Demand for apartments in apartment buildings is recovering

Demand for apartments in apartment buildings is recovering

Detached houses with their land plots are inferior to the demand for flats and apartments. As the situation with the pandemic stabilizes, buyers are returning to the traditionally demanded segment of real estate - objects in residential complexes.

Registrar data show that apartments in the urban environment have begun to restore their surrendered positions, but not all. Industry experts believe they may never be back on track and point to a new market reality: townhouses and villas.

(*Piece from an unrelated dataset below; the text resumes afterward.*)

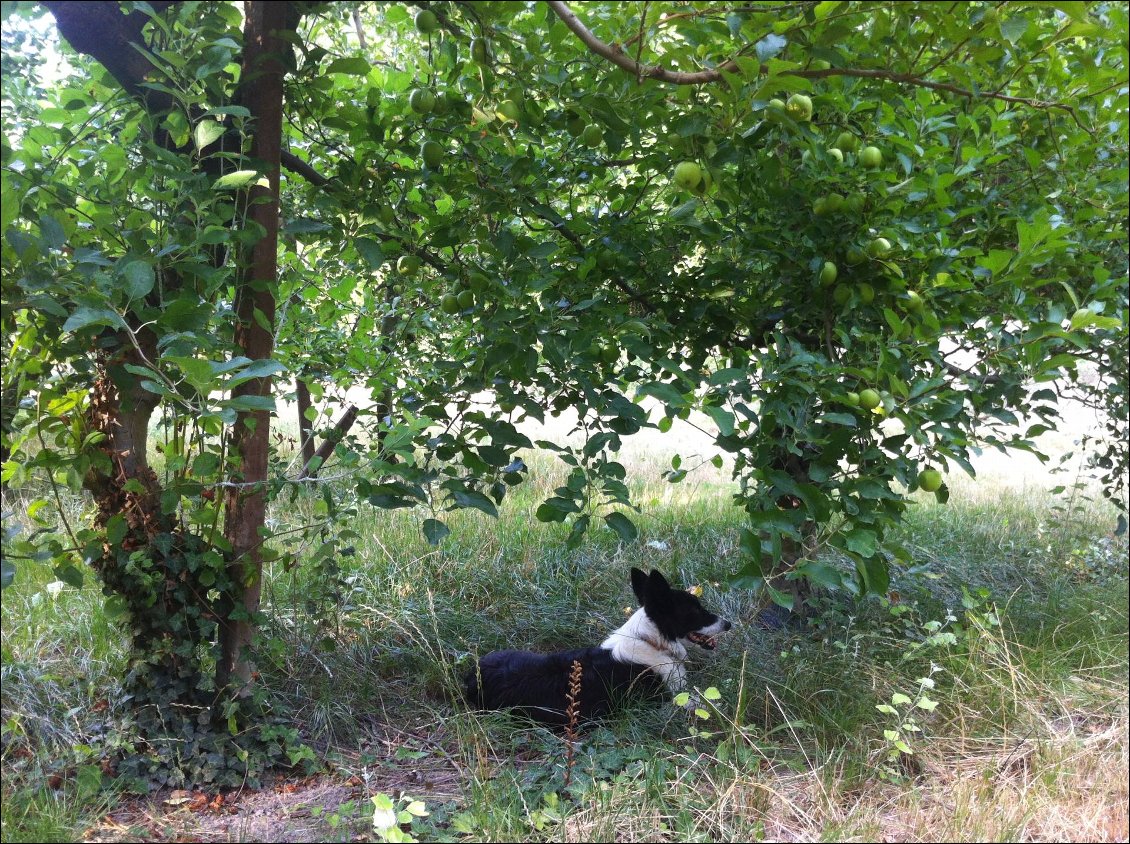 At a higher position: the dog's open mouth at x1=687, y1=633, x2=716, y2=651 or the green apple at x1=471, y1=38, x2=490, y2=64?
the green apple at x1=471, y1=38, x2=490, y2=64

“There has been a change in the taste preferences of potential owners, which is common in crises,” says Lola Alcover, general secretary of the real estate agents’ association. This fluctuation is reflected in the data provided to EL PAÍS by the organization Registradores de España. The professional association collects all the information about house sales and purchases into their offices and notes that 80% of transactions were related to apartments in multi-family buildings in the third quarter of this year, compared with 20% of single-family homes. It is the same percentage as between April and June, which means homes are gaining weight from pre-pandemic conditions (18% in Q1 2020) but losing momentum from sales seen at the end of 2020 (23% in the fourth quarter).

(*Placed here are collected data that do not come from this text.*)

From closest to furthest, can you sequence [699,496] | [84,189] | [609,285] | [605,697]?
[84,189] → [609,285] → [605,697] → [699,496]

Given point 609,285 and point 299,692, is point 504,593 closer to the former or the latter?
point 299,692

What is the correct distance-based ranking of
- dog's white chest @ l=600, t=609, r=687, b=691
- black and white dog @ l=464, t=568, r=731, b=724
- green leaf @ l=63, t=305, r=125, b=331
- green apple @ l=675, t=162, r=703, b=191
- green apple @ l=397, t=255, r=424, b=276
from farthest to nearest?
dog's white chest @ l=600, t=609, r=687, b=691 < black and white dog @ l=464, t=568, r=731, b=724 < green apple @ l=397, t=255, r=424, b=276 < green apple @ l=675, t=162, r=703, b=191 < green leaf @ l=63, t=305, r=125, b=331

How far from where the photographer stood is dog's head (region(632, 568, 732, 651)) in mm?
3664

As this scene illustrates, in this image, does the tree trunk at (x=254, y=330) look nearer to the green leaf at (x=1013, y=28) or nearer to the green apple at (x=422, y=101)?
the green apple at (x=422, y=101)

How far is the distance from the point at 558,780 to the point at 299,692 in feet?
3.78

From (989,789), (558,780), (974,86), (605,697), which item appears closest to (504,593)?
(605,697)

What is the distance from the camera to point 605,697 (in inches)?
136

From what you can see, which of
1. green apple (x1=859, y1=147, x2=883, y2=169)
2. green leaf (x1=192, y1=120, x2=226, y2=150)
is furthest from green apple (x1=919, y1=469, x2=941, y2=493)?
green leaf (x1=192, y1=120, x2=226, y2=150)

Jose Miguel Tabarés, vice dean of the College of Registrars of Spain, believes the reason is twofold. On the one hand, single-family houses have a “supply problem”, making it “difficult to continue selling due to a shortage of properties.” The second reason has more to do with the pandemic and the perception of those looking for housing. “Perhaps having a terrace or a garden is no longer as crucial as it was in the mid-2020s, and that is also having an impact,” he notes.

Alcover adds that “the psychological factor is decisive in any decision. At the beginning of the pandemic, many people were afraid and did not want to live near densely populated areas, now this has eased a little, and we seem to be returning to a normal way of life. But he explains that, in addition to fears, the virus has also caused many shoppers to rethink their lifestyle and imagine themselves living elsewhere. Will there be more buyers of private houses than before the pandemic? “All the colleagues I spoke with agree with this,” he says.

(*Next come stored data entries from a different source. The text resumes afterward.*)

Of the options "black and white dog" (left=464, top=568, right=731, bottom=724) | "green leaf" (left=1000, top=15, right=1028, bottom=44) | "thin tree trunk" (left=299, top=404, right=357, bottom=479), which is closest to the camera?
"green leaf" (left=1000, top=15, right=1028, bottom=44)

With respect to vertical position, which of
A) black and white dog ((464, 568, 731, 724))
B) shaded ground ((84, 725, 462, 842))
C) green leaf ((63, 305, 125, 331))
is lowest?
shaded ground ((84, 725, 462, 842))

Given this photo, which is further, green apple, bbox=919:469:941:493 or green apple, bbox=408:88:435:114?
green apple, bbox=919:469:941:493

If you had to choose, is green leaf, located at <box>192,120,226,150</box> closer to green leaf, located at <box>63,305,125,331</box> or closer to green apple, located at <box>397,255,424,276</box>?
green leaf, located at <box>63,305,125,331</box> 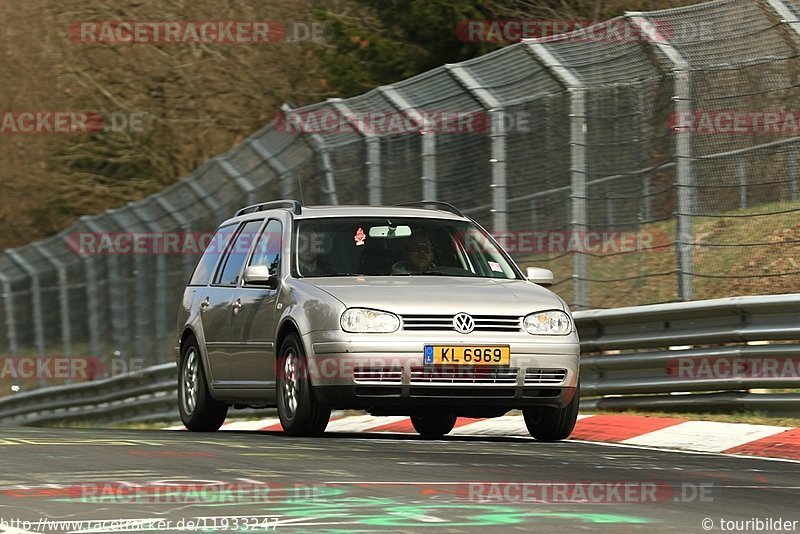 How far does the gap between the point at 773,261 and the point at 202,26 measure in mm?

Basque Country (95%), La Rioja (86%) and Madrid (86%) were the three regions where multi-family apartments accounted for the largest share of sales in the third quarter. On the opposite side were Castilla-La Mancha (62%), Extremadura (69%) and Castilla y León (76%). However, these percentages more reflect the specificity of the market in each region than changes in consumer habits. Compared to last year, the most significant increase in single-family houses was observed in Aragon, and the most significant decline was in Cantabria.